**THE TASK:**
Set down again exactly the lines of the listing below that fall between the line holding "前调：黑莓蔓越莓乙烯基" and the line holding "Asymmetrical Italian Mid-Century", inclusive.

**DATASET:**

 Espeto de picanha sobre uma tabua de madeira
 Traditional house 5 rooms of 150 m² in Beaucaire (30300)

==

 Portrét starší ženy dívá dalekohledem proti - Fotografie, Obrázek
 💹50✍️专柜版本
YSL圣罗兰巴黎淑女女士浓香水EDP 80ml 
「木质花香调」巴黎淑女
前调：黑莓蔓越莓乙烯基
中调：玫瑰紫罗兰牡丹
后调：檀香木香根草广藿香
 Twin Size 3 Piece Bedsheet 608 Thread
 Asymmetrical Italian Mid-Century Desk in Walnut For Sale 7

**TASK SOLUTION:**
前调：黑莓蔓越莓乙烯基
中调：玫瑰紫罗兰牡丹
后调：檀香木香根草广藿香
 Twin Size 3 Piece Bedsheet 608 Thread
 Asymmetrical Italian Mid-Century Desk in Walnut For Sale 7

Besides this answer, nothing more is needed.